Make an exact copy of the lines from the one holding "フォーラム日赤通前(ワンルーム/3階)の間取り写真" through the end of the entries below, both ends kept, and of nothing else. Exclude pictures.

--- DATA RECORDS Enclosed Below ---

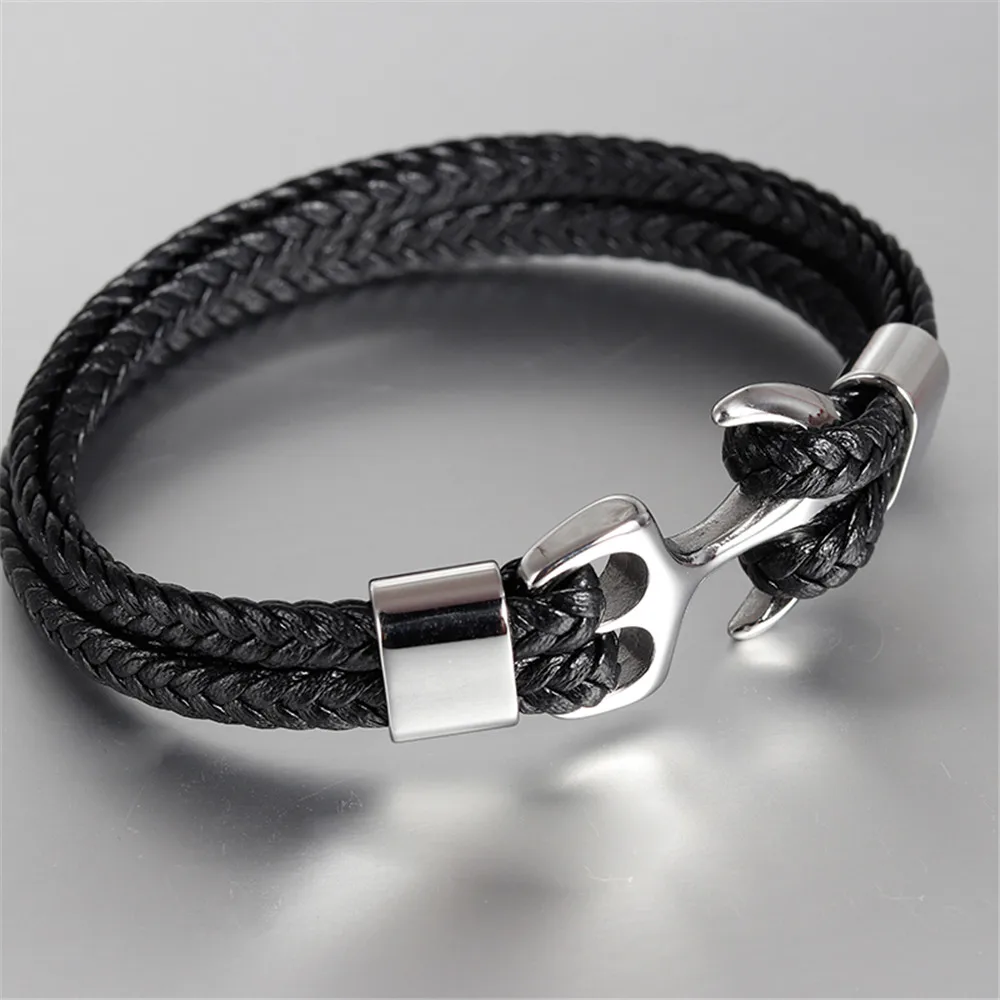 Black Men's Titanium Steel Bracelet Black Personality Leather Woven Anchor Leather Bracelet Rope Bracelet For Men Gift High Quality - Окраска металла: Black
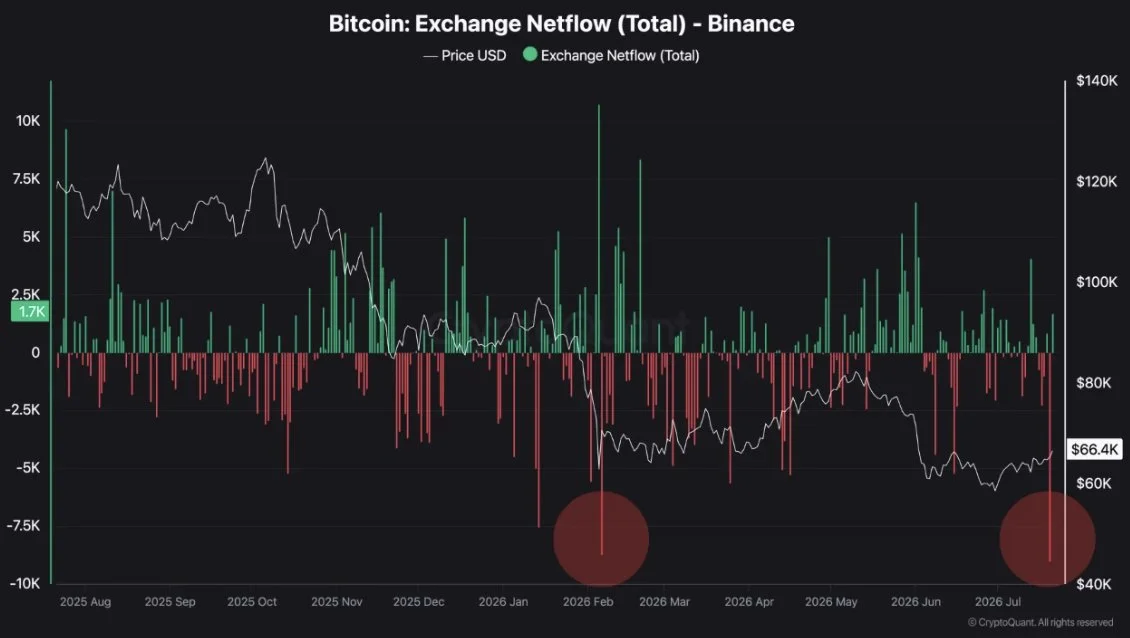 Bitcoin Exchange Netflow Binance - CryptoQuant (RugaResearch)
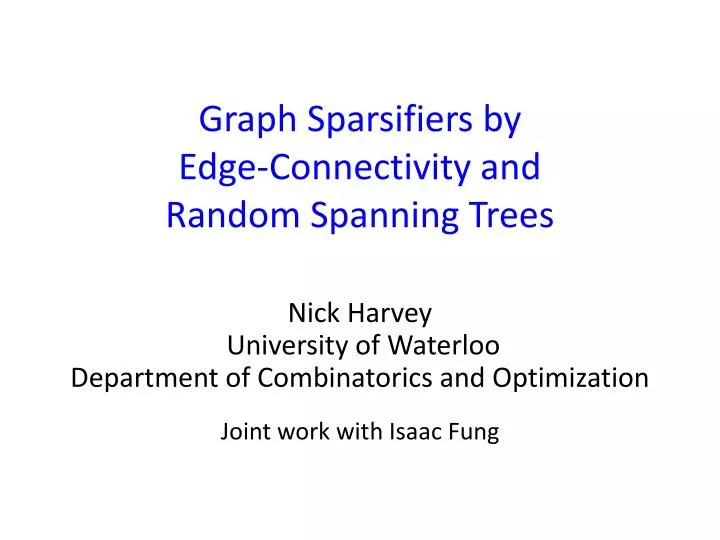 graph sparsifiers by edge connectivity and random spanning trees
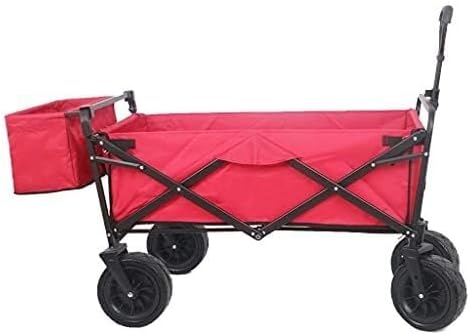 Portable Camping Cart,Outdoor Foldiutility Wagon Outdoor Utility Wagon, Picnic Campicart with Storage Basket, Adjustable Handle, Load-Bea100Kg/220Lbs/Black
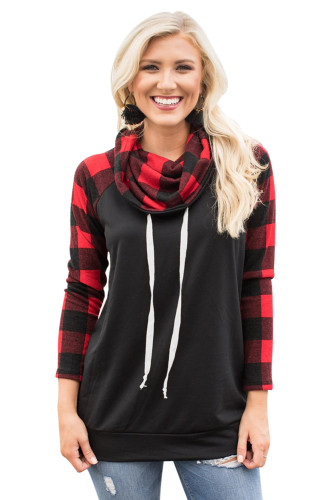 Plaid Sleeve and Cowl Neck Black Drawstring Sweatshirt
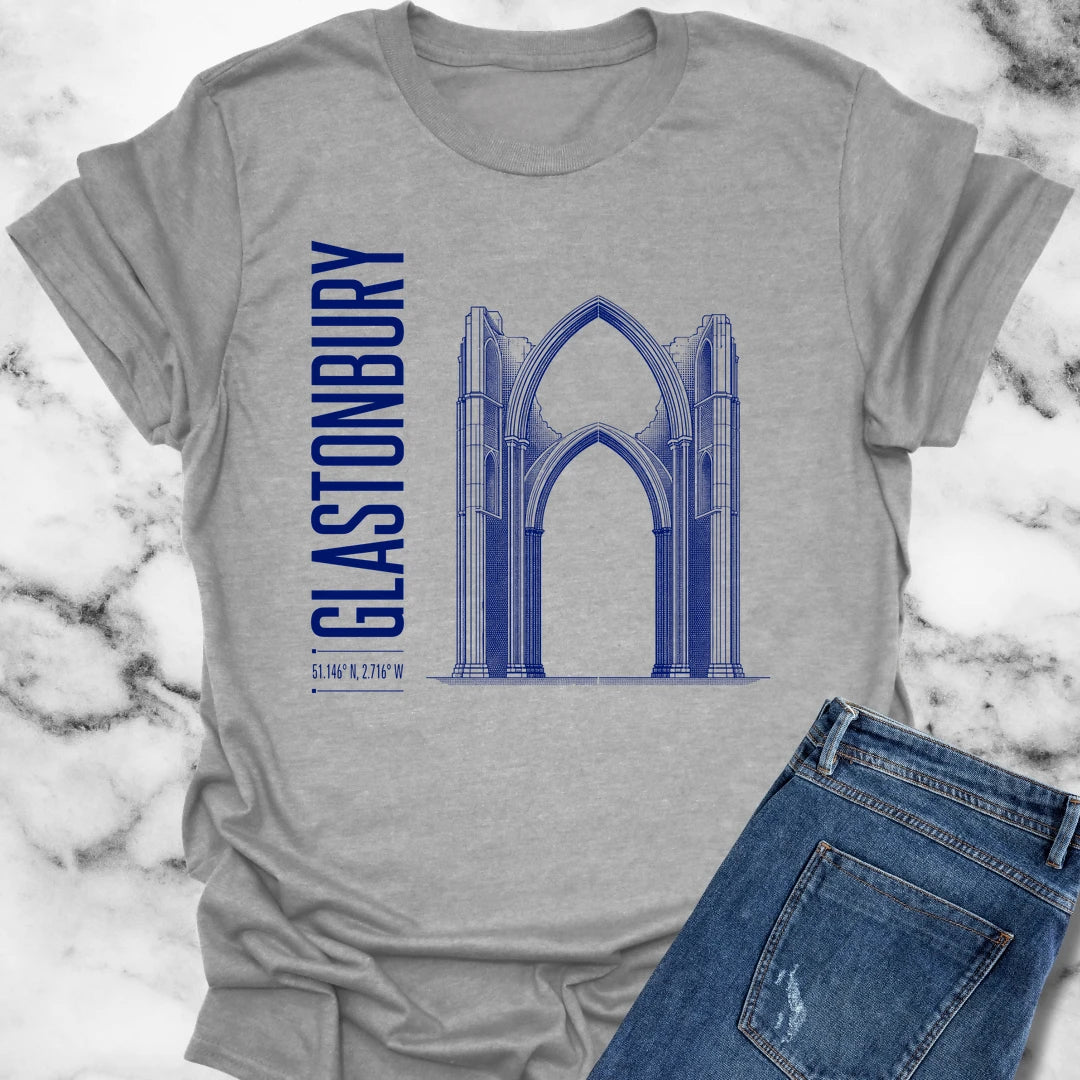 Glastonbury Abbey Blueprint T-Shirt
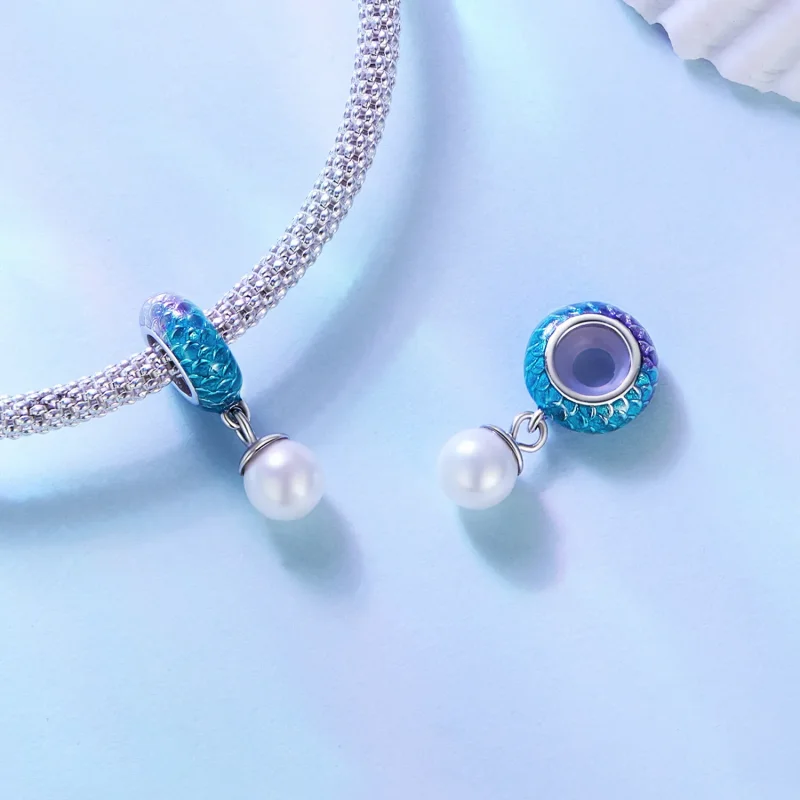 (image for) Pandora Style Fish Scales Spacer Charm - BSC875 - View 4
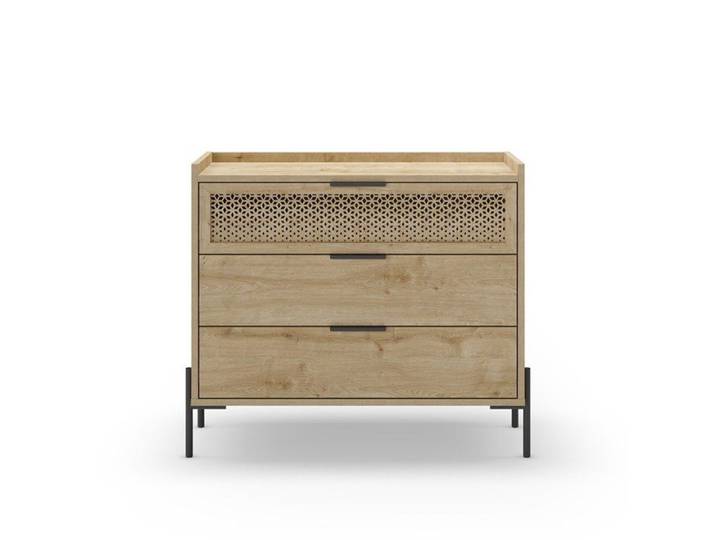 CALICOSY - Commode 3 tiroirs et pieds en métal Inca - L90 cm - Bois clair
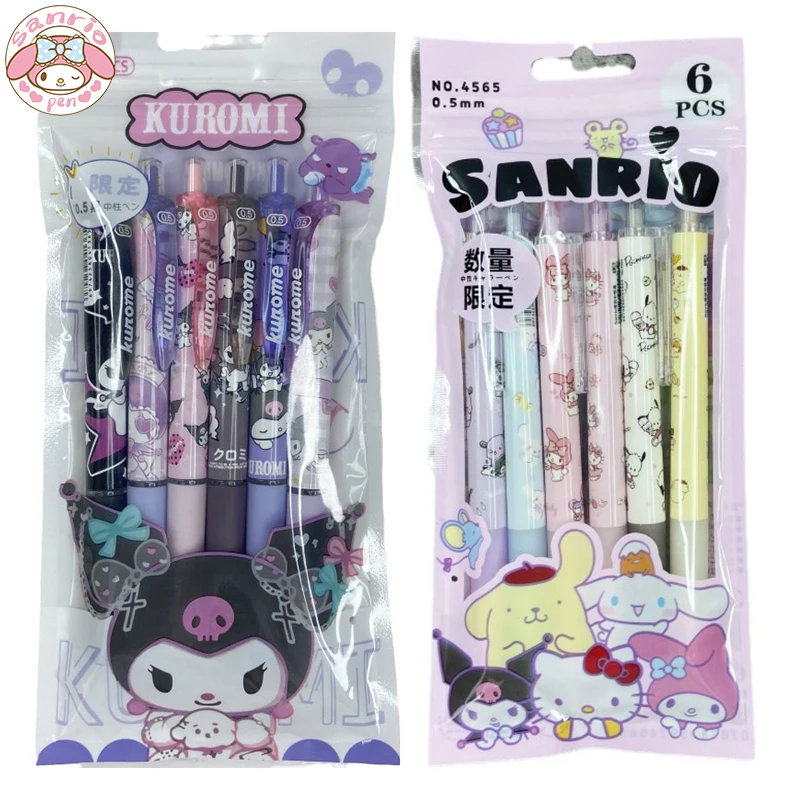 

Новинка гелевая ручка Sanrio Kuromi My Melody 12/24 шт. Мультяшные ограниченные кавайные канцелярские принадлежности для студентов 0,5 черная школьная Ручка для сдачи экзамена оптовая продажа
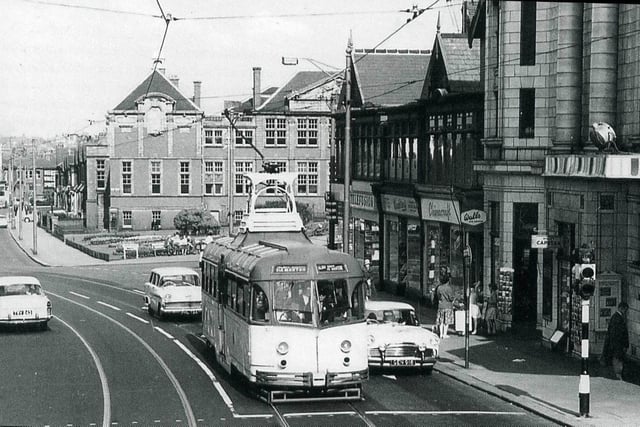 Church Street in the 1950s with a Vambac car waiting at the traffic lights outside the Regent Cinema and the Blackpool Grammar School building behind. Picture courtesy of John Fozzard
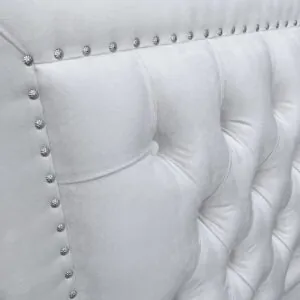 Respaldo de Cama Capitoné Frame Tachas Felpa Crudo
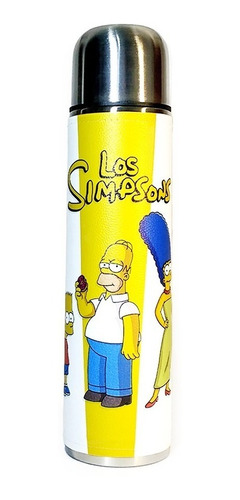 Imagen 1 de 2 de Termo Acero Inoxidable 1 Litro Forrado En Cuero Los Simpsons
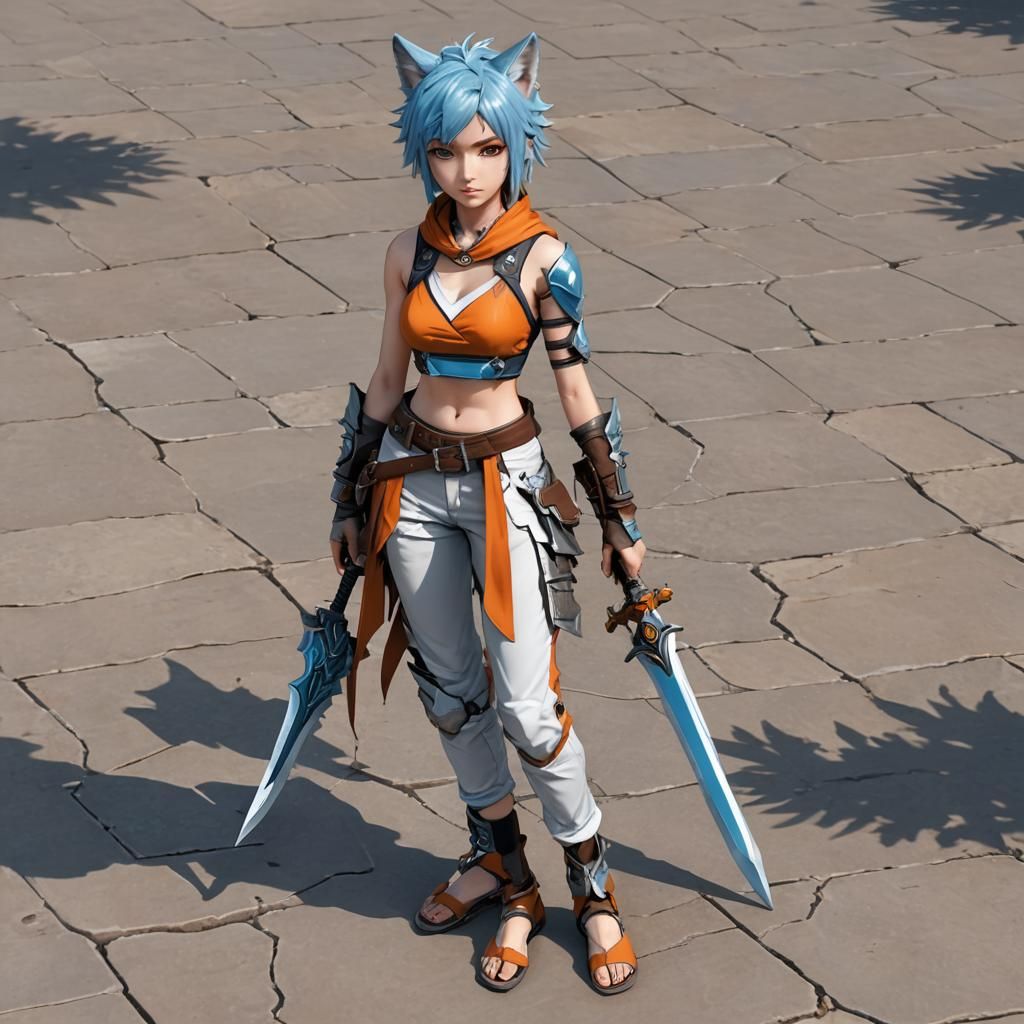 Anime Girl with Wolf Features and Greatsword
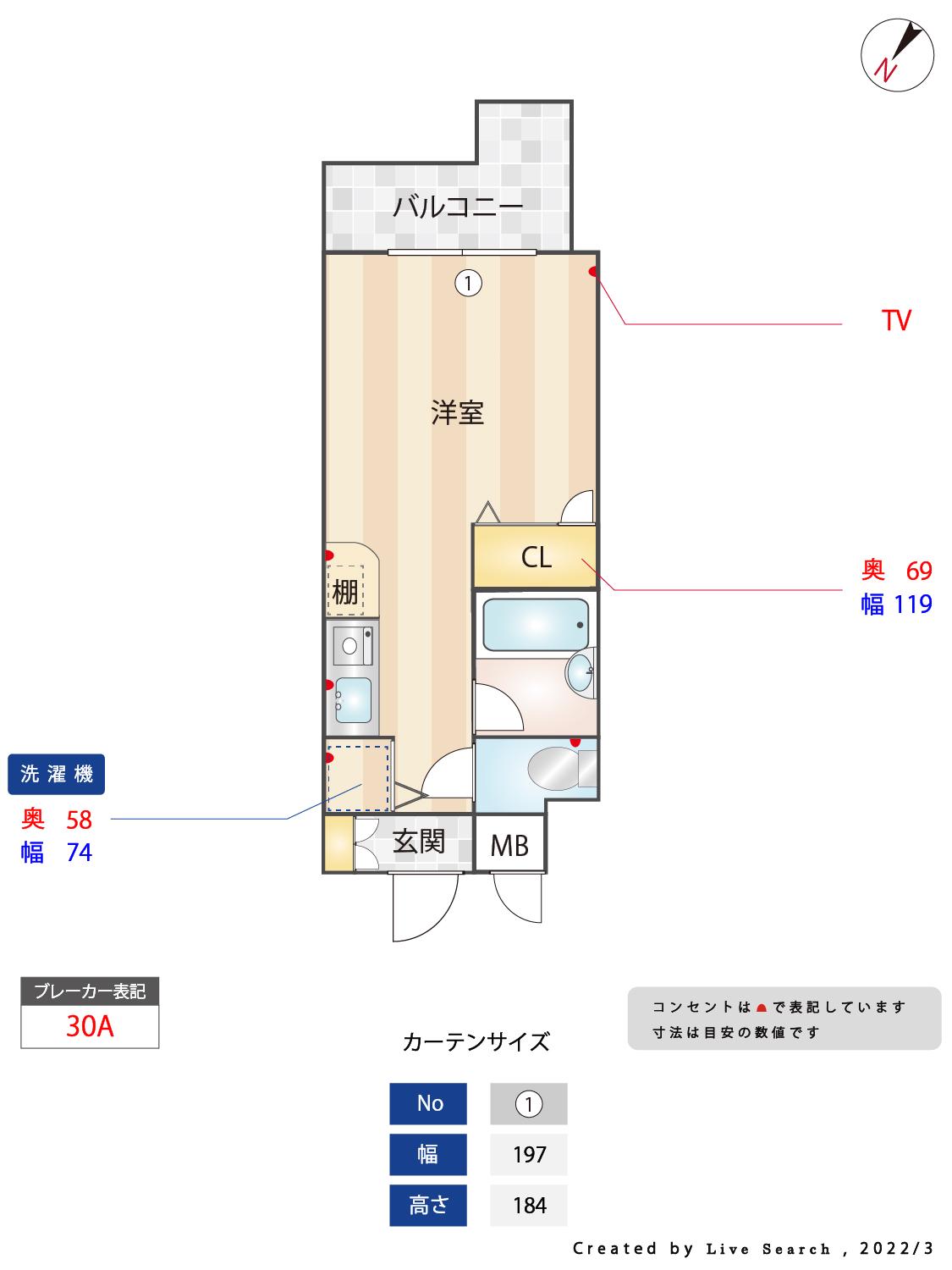 フォーラム日赤通前(ワンルーム/3階)の間取り写真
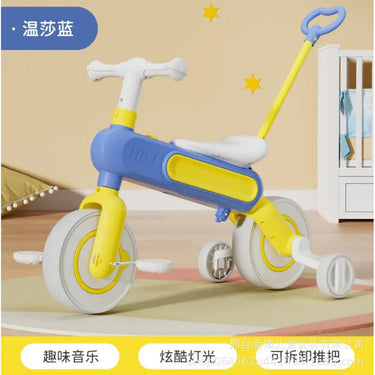 Multi-functional Ride-on Balance Tricycle With Light & Music - Yellow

--- End of Enclosed DATA RECORDS ---

SOLUTION TO THIS EXERCISE:
 フォーラム日赤通前(ワンルーム/3階)の間取り写真
 Multi-functional Ride-on Balance Tricycle With Light & Music - Yellow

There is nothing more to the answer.